What are your expectations for the collaborations that will take place?
"I hope that if we show that we are really going to share, many more researchers will put their data on the hub. And that the best bioinformaticians in the world will think: yes, finally I can access that data! They will start working with it, which will allow us to make a lot of new findings. We do have certain suspicions, but we need many more Alzheimer's patients and control DNA to confirm them. Technology is moving fast, we can do so much more than five years ago. I am optimistic that one day treatments will be possible."
"With this, we hope to really boost the field of Alzheimer's research"
In the initial phase, Holstege plans to offer access to the hub free of charge to people who share their data. “This is possible because we have received a large grant from NWO for computing time and storage. We are very much pioneering here. I must confess that I sometimes think: what have we got ourselves into? We cannot put all the energy we put into this into other papers, for example for the 100-plus research. That is sometimes difficult, because as a scientist you are judged on your output. But I have the feeling that we are really giving Alzheimer's research a boost here."
Spider technology: spider in the web
"When I first heard about this project, I thought: you can't do this with technology alone. Giving someone interactive access to data without being able to store it," says Coen Schrijvers, senior advisor and team lead at SURF. "So one of the biggest challenges is to develop a solution that is a seamless unit in technical and legal terms."
The cloud-based Spider technology, which SURF has only recently acquired, proved to be the ideal solution. "This allows us to design a customised environment that is fully tailored to the requirements of this project: a secure yet flexible environment for collaboration on large datasets."
The design philosophy of Spider Technology is that the computer cluster lives like a spider in the web: necessary components that you can already find elsewhere do not need to be built. Schrijvers: "You just link it to existing services, such as the supercomputer Snellius, our Grid storage or Research Drive."

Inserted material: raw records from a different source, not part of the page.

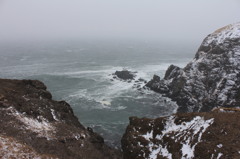 北の果ての荒海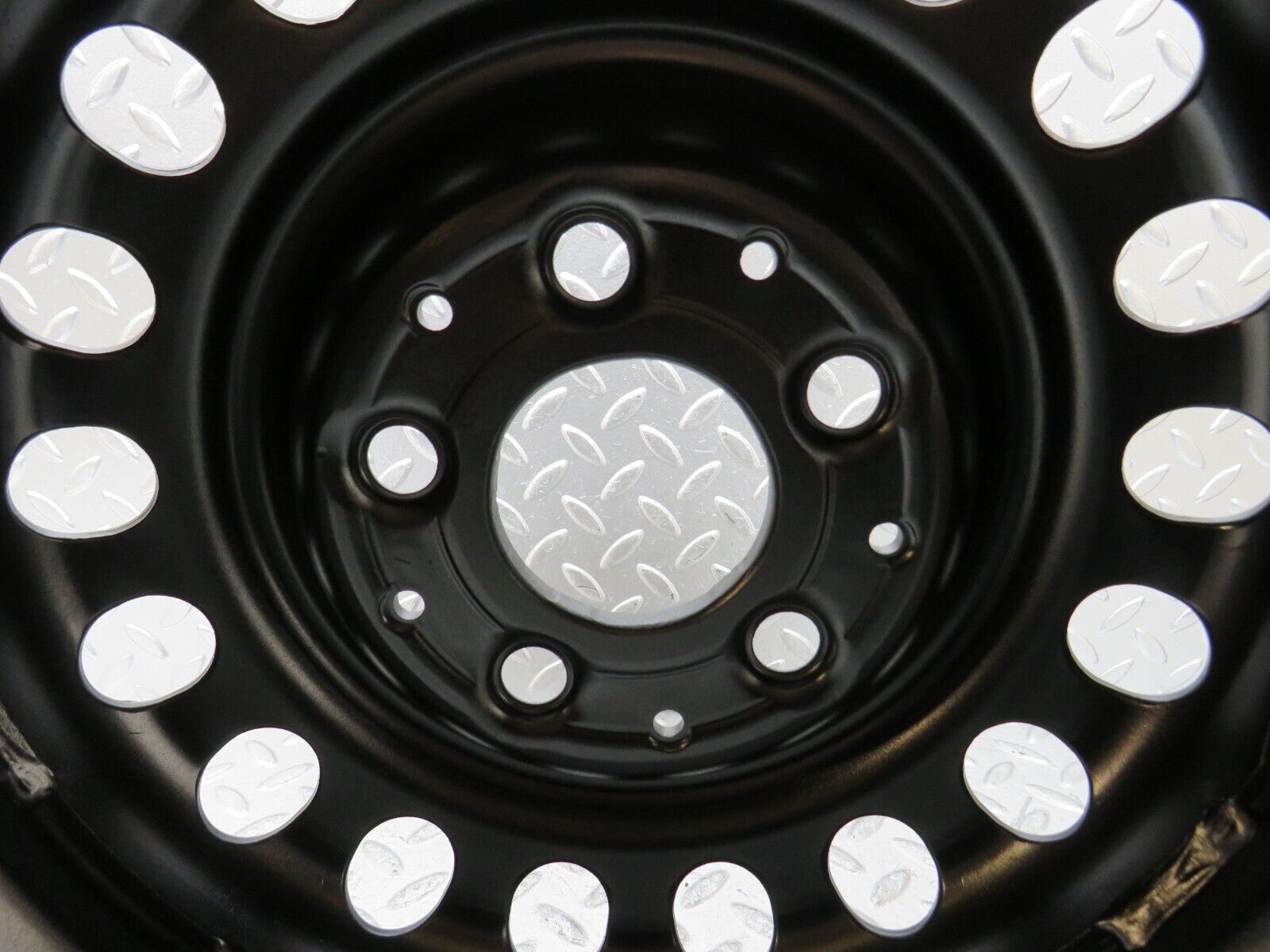 26961 Mercedes-Benz Steel Wheel 6.5Jx15H2 ET49 5x112 1244001002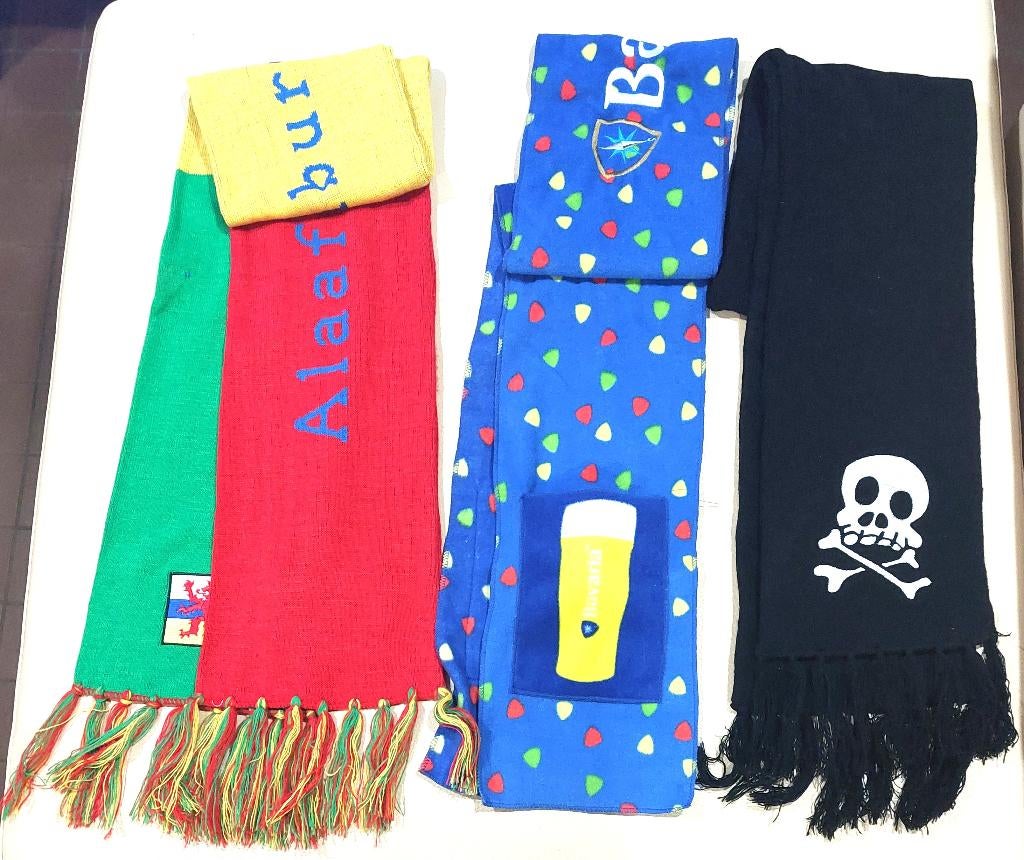dassen, Verzenden, Zo goed als nieuw, Maat 46/48 (XL) of groter, Sjaal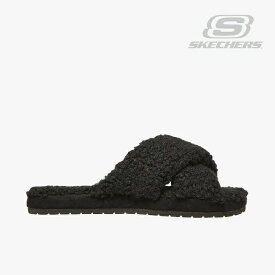 ＊SKECHERS｜W Cozy Slide/ スケッチャーズ/コージー スライド/ブラック #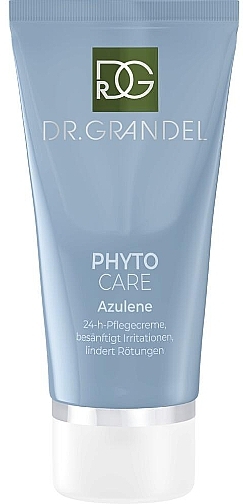 Крем для обличчя проти почервоніння та подразнень - Dr. Grandel Phyto Care Azulene — фото N1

Firewall and various roles
The Alzheimer's Genetics Hub is behind a firewall, with some specially designed services to enable logging in, selective file transfers and intensive logging. The technology offers different authorisation and authentication roles, such as a data manager who has all rights to the data, and a regular member who only gets access to certain data. "That suits this project very well," says Schrijvers. "We are also deploying the SURF Research Access Management service for this, which Holstege's group can use to verify the authenticity of users and add and remove them."
A proof of concept, scheduled for December 2021, should show whether the Alzheimer platform will also work practically. "If all goes well, we can then be in production within a few months. The project should run for several years. And will hopefully become a good example for similar projects."
Off-the-shelf Spider service
The Alzheimer's Genetics Hub is custom-made. SURF also provides a generic Spider Service, a dynamic and flexible platform suitable for large-scale data processing and optimisations for data-centric collaboration. Projects that do not require a separate environment are running on this. As with the Alzheimer's Genetics Hub, these users have access to powerful data processing and storage systems, and network connectivity to other SURF services of 1.2 Terabits per second.
"But most important is the support we provide for setting up and automating data-centric projects. That means, for example, that several people can work on one dataset, with a data manager assigning rights to project data and a software manager managing the tools for analysis. This makes it a reasonably low-threshold service, without any concessions to data processing power."